Hamparan ladang yang
membentang di sisi barat dan timur jalan, adalah sebuah hamparan jejak sejarah
kejayaan di masa silam ketika garam rakyat mempu meberikan devisa bagi negara. Ketika
daerah-daerah sekitar ladang dan pelabuhan menjadi pusat kesibukan dan
keramaian ekonomi. Kini hanya meninggalkan bau lumpur dan amis yang menyebar di
antara petak-petak yang menghitam.
Perkembangan teknologi
dan informasi telah mengubah segalanya. Garam bukan lagi produksi yang mampu
meningkatkan harkat dan martabat pekerjanya, ketika mereka sebagai buruh dengan
upah yang rendah.
Film “Semesta Mendukung”
atau “Mestakung” yang dibintangi Rivalena S Temat, di antaranya melakukan
pengambilan gambar di lokasi perladangan garam yang ada di sekitar PT. Garam
Sumenep. Pengangkatan lokasi ladang garam dengan kincir angin untuk memindahkan
air. Sebuah panorama yang amat menarik, semula diharapkan mampu memberikan
ekses terhadap perekonomian masyarakat sekitar. Efek ekonomi hanya berpengaruh
pada saat pengambilan gambar dengan melibatkan masyarakat setempat sebagai
figuran dan menjadikan ladang sebagai salah satu setting pengambilan gambar.
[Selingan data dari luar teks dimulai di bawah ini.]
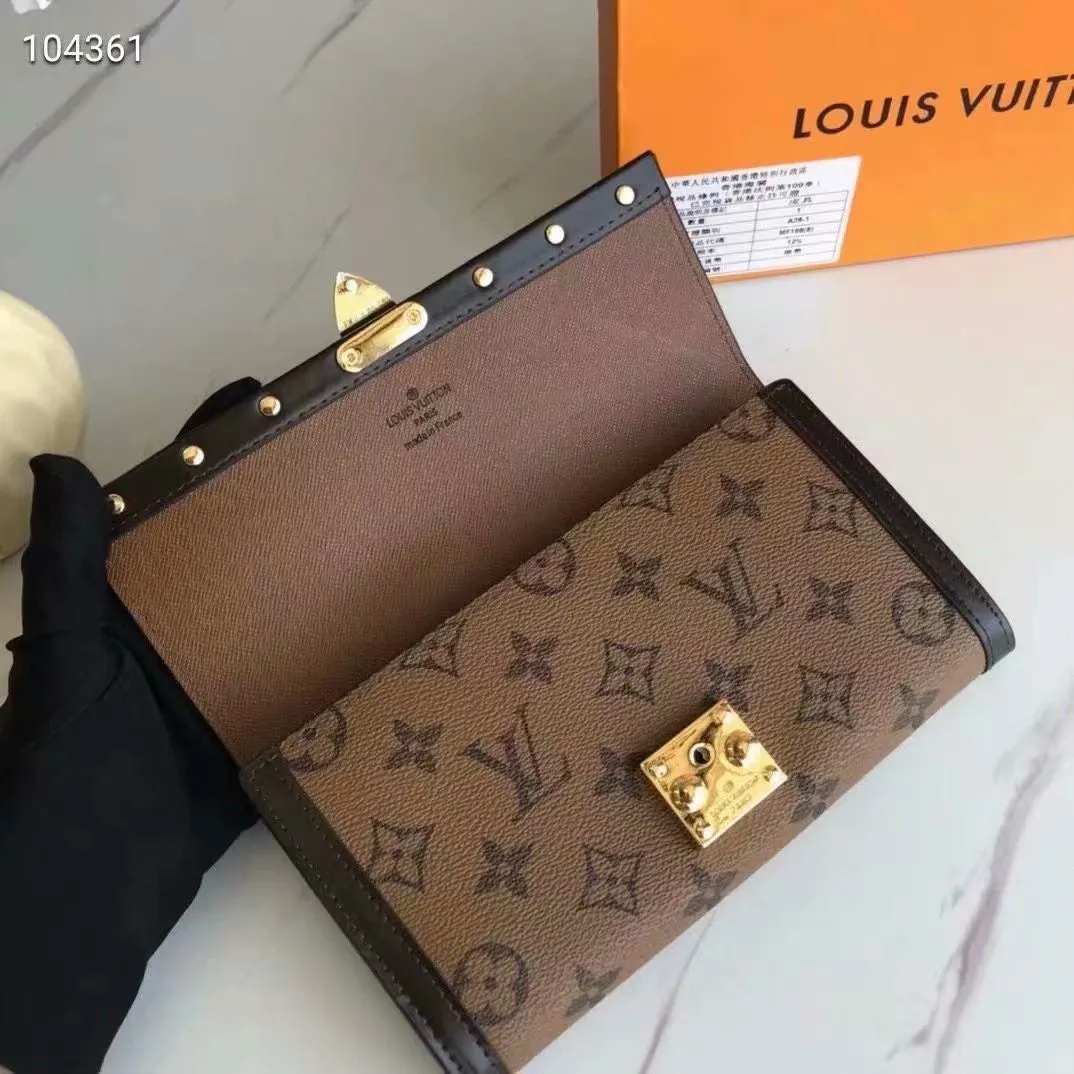 P160N60535 Material: PVC with cowhide leather Size: 21/10 Crafted from Damier Ebene canvas and decorated with the iconic S lock and rivets, this stylish Venice wallet pays homage to Louis Vuitton’s rich heritage as a luxury luggage manufacturer. Thanks to its spacious and functional interior, this model can also be used as an elegant clutch.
Film “Mestakung” tak mampu mengangkat
budaya lokal sebagaimana film “Laskar Pelangi”.
Dijadikannya ladang
garam sebagai salah satu obyek pengambilan gambar dalam”Mestakung” adalah
sebuah realitas yang mendedahkan kepada penentu kebijakan di daerah, untuk
melihat obyek ladang garam dari berbagai sisi dan sudut yang bisa memberikan
dampak ekonomi bagi masyarakatnya. Eksotisme, dan keunikan yang ada di dalamnya
adalah sumber pengembangan ekonomi kreatif yang perlu ditelaah dan dikembangkan.
Ladang garam adalah
hamparan kisah sejarah dan manusianya dengan berbagai dinamika kehidupan yang
menarik. Hamparan ladang ekonomi kreatif
yang patut dipikirkan bersama untuk meningkatkan kesejahteraan
masyarakatnya. Dalam perkembangan teknologi dan informasi, dan mengggeliatnya
pusaran ekonomi kreatif yang mampu menghasilakan uang untuk meninkatkan
kesejahteraan warga sekitar dalam pengelolaan yang melibatkan amsyarakat
setempat untuk mengambil peran dan mengaktualisasikan diri dalam percaturan
ekonomi kreatif. Tentu, pemerintah
daerah Sumenep dapat bertindak sebagai fasilitator sehingga masyarakat kaum
pekerja atau buruh ladang garam menjadi berdaya.
Beranikah pemerintah
daerah memasarkan jejak sejarah, eksotika, dan pengetahuan yang menghampar di
seluas ladang dan kehidupan masyarakat yang bergerak dinamis sebagai penghasil
ekonomi yang mampu meningkakan harkat dan martabat masyarakat setempat?